Comparing Rankings

© Copyright 2007, Paul Kislanko

During the 2007 college baseball season I came acrossed a "correlation test" for ordinal rankings that turns out to be particularly useful. Keeping the math-y bits simple:

It turns out that there's an ordinal ranking correlation that is quite useful. It is called the Kendall τ-test. What makes it especially useful for our purposes is that there is a metric associated with it called the τ Distance that makes it possible to find out which teams contribute the most to correlation or non-correlation of two rankings that include all the same teams.

The τ-Distance is the total number of position swaps that are required to transform either ranked list into the order specified by the other. What makes that useful is that at the same time we count swaps we can count how many times each team was involved in a swap, so we can find out which teams contribute most to the non-correlation.

An example that demonstrates how the τDistance for a team gives more insight than the usual measures of correlations is provided by comparing the ranks from the final 2006 computer rankings to the the 2006 pre-season rankings:
Team Pre Final τD(Pre,Final)
LSU 5 5 4

Here the comparison is from the pre-season computer rankings for LSU to the final rankings. Since the Tigers were predicted to be 5th and wound up 5th, we might think the pre-season rankings were perfect for the team (the obvious correlation is the square of the differences in rankings, which is zero.) But the τDistance contribution by LSU is 4, not zero.

What the τ does is measure the ranking of LSU against every other team. In the pre-season list, #1 Texas and #4 were higher than LSU's #5 but were #18 and #19 compared to LSU's #5 in the final list, and #14 Florida and #12 Louisville were behind LSU in the preseason but finished #1 and #3 in the final. So the 4 pairs (LSU, Texas), (LSU, Virginia Tech), (Florida, LSU) and (Louisville, LSU) are reversed in the two rankings, resulting in that contribution to the Distance.

Pairs whose relative ranks are reversed in the orderings are sometimes called discordant. The τ Distance between two rankings is just the number of discordant pairs.

The Kendall τ correlation for the full pre-season computer rankings and the final ones is 0.5354 with total distance 3262. So for all team pairs, the pre-season had the "correct" team ranked higher only about 53.5 percent of the time. To tell the truth, that's actually higher than I expected.

SE 366 792 786
MB   814 824
SAG     750
SE 0.9479 0.8872 0.8881
MB   0.8841 0.8826
SAG     0.8932
A more useful application is to compare different rankings taken at the same time. I was curious, for instance, how different the Sagarin-ELO and Massey-BCS rankings were from the Sagarin and Massey rankings that take into account Margin of Victory.
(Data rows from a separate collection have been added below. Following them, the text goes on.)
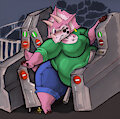 Lilly Stargazer in Turnstile Trouble by Tincrash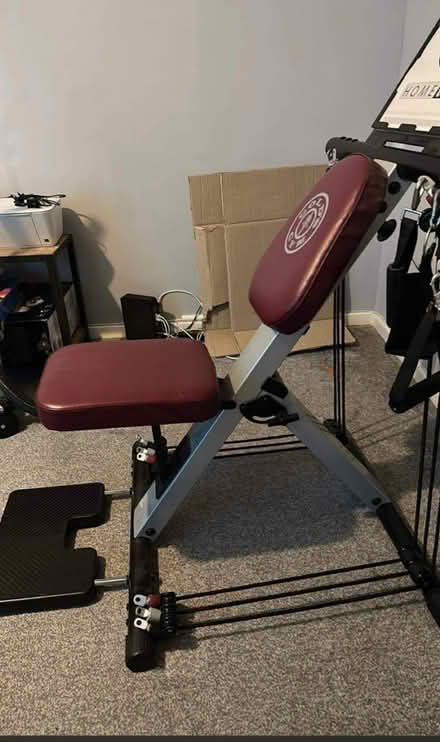 Photo of free Resistance bench and bands (Northampton bellinge) #1
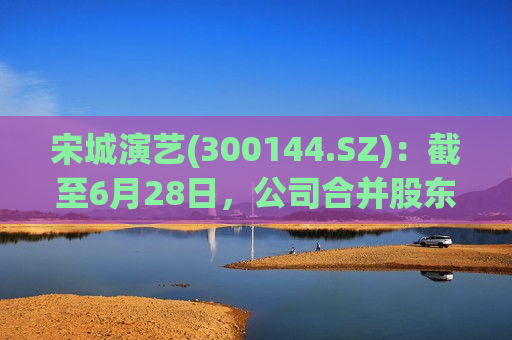 宋城演艺(300144.SZ)：截至6月28日，公司合并股东总户数为79055户  第1张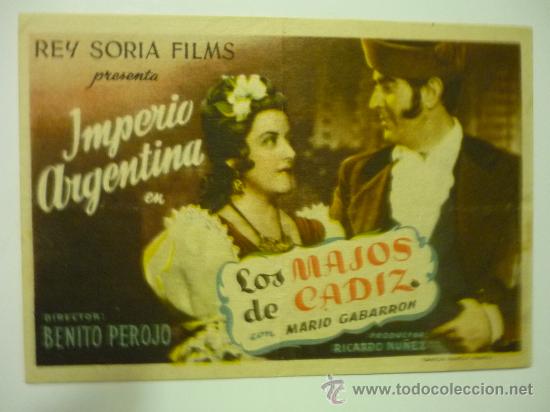 Cine: PROGRAMA CINE LOS MAJOS DE CADIZ - Foto 1
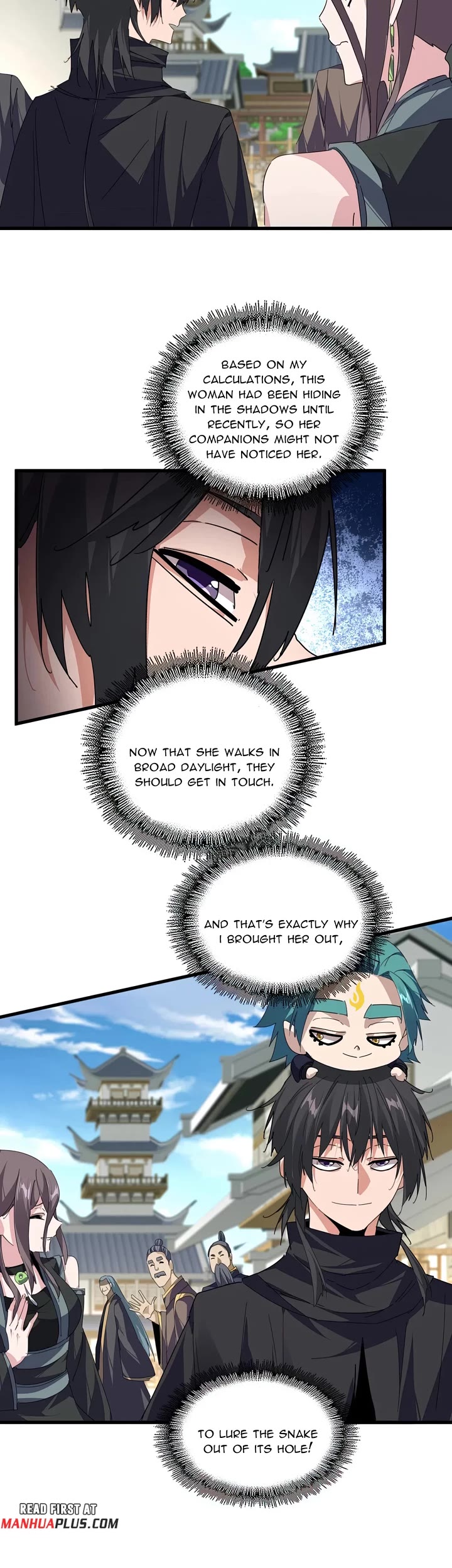 Magic Emperor Chapter 887 page 13 - Chapter 887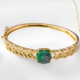 Bracelet en or et Opale Mezezo (de Melo)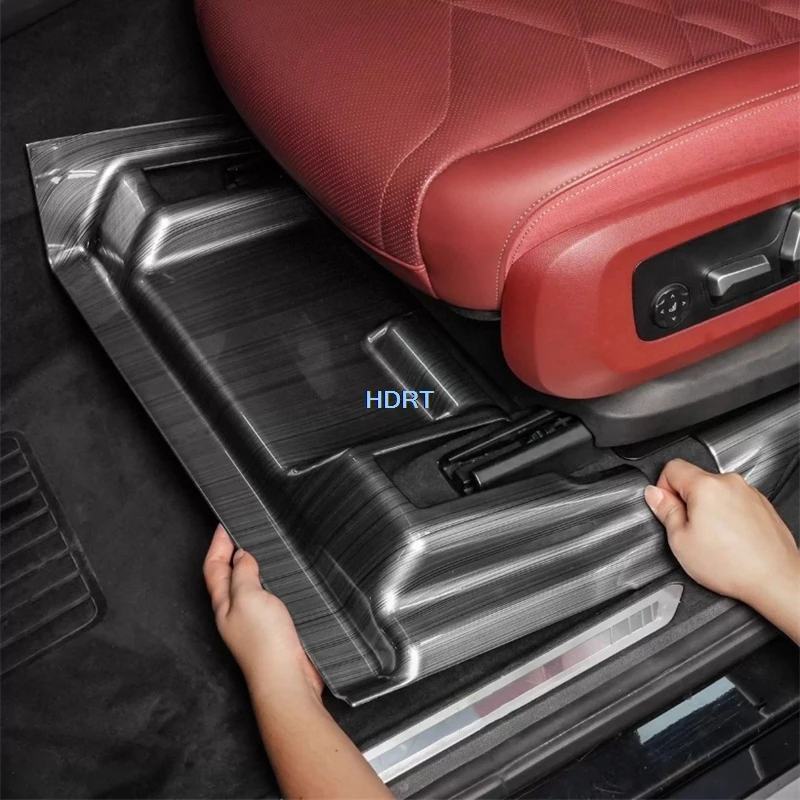 

Для BMW X5 G05 2023+ Защитная накладка на направляющую сиденья, накладка на воздуховод, пылезащитная крышка, декоративные аксессуары для стайлинга автомобиля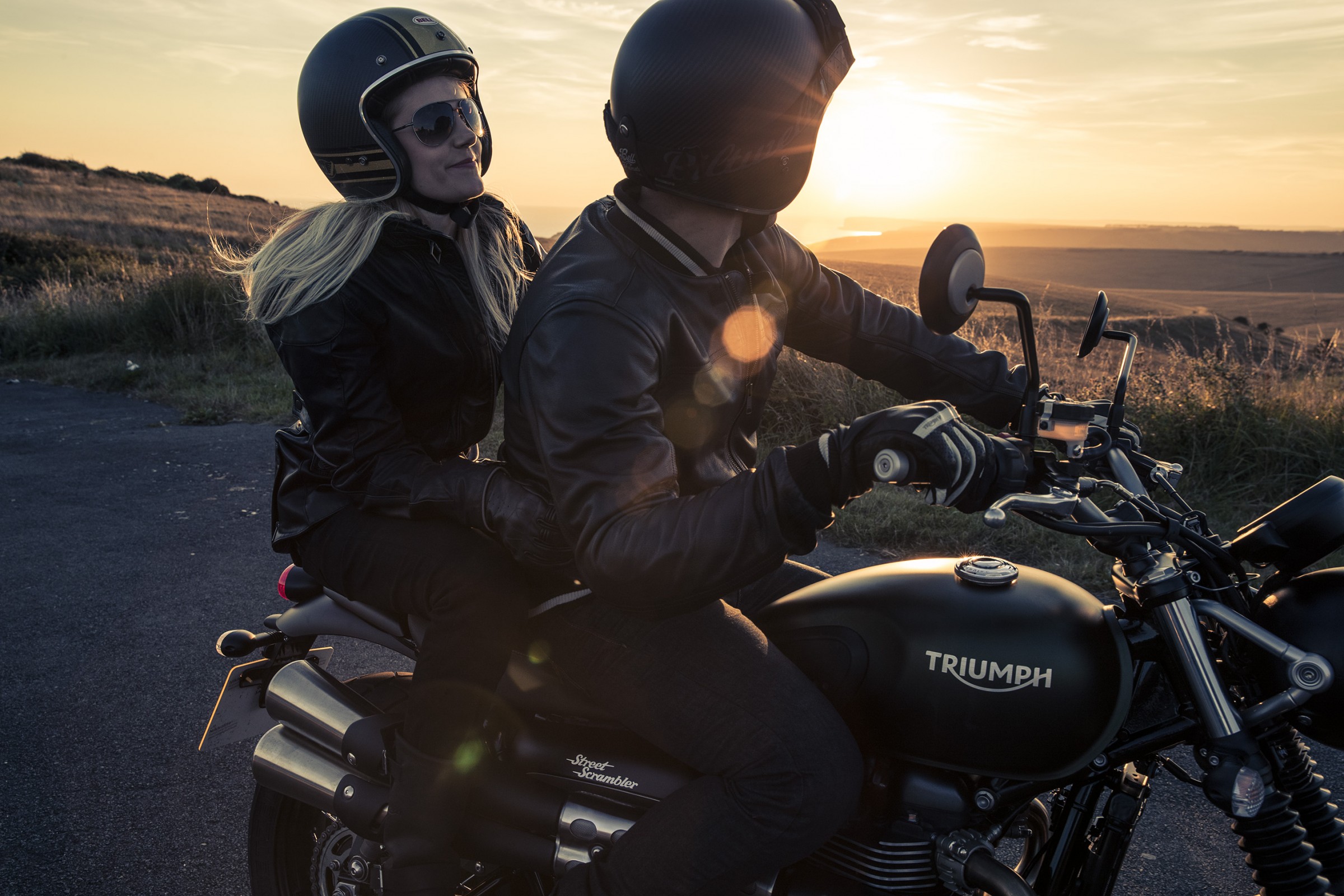 Triumph Street Scrambler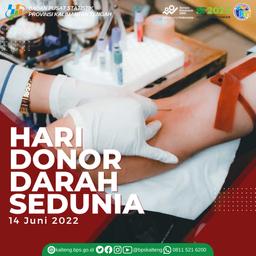 Memperingati Hari Donor Darah Sedunia 14 Juni 2022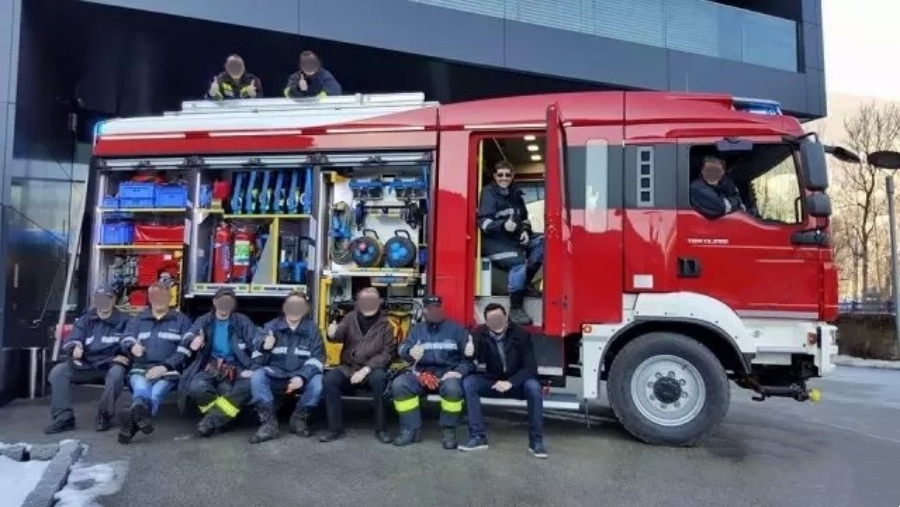 PRIMUS Combination Fire Rescue Truck – Military-grade Quality!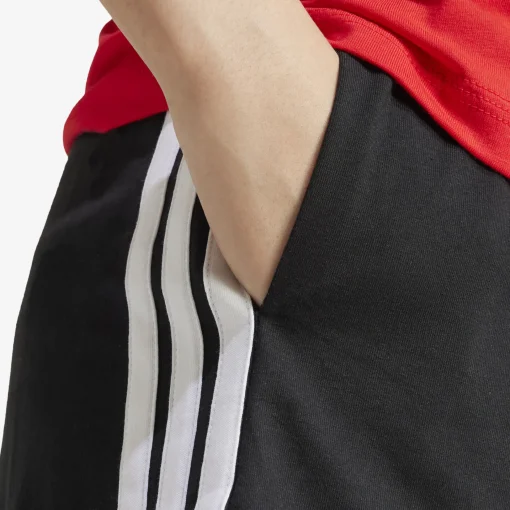 adidas Essentials 3 Streifen Cotton Damen Shorts-Damen Hosen & Leggins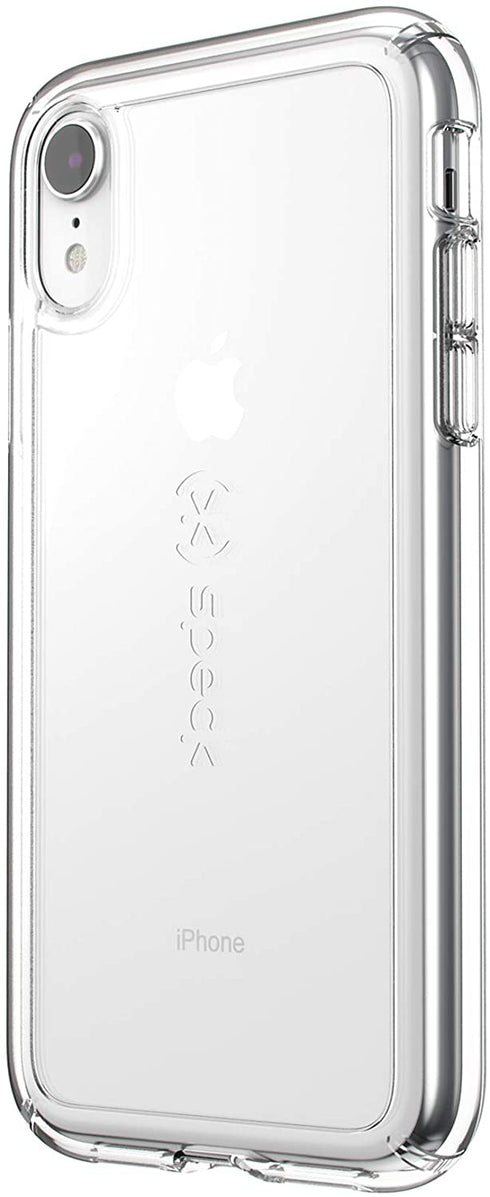 Speck Products GemShell iPhone XR Case, Clear/Clear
Notice that the τ values in these comparisons are a lot closer to one than the value found for the pre-season vs final test.

Trivia or Seriously Useful?

Many students of the BCS formula have long-noted that the computer rankings most usually thrown out for being too high or too low are Billingsley's. Some have called for its replacement, others (including me) have called for elimination of the "no-MOV" ban (unless you can eliminate that from the human polls, too) and expansion of the list of computer rankings to the point where eliminating the highest/lowest isn't necessary.

Now, while not a fan of some aspect's of Bilingsley's method, especially the carry-over from year to year, I also have argued that too much "sameness" in the computers would mean only one is necessary. Nonetheless, when we calculate the τ-Distance for each pair of BCS computers, we find that Billingsley's system has the most "discordant pairs" compared to every other system than any pair of systems that doesn't include his.

τ Distance for Pairs of BCS Computer Rankings

MB 166 998 818 644 1330 Season   MB 366 624 858 712 1182
SE   996 776 646 1388     SE   682 872 682 1196
COL     512 614 1124     AND     494 520 1110
WOL       610 1256     COL       498 1084
AND         1146     WOL         1226

One could imagine an objective criterion for including one of the 100+ available computer rankings framed in terms of having a lower τ-Distance when compared to the average BCS computer component than a rating that is already included.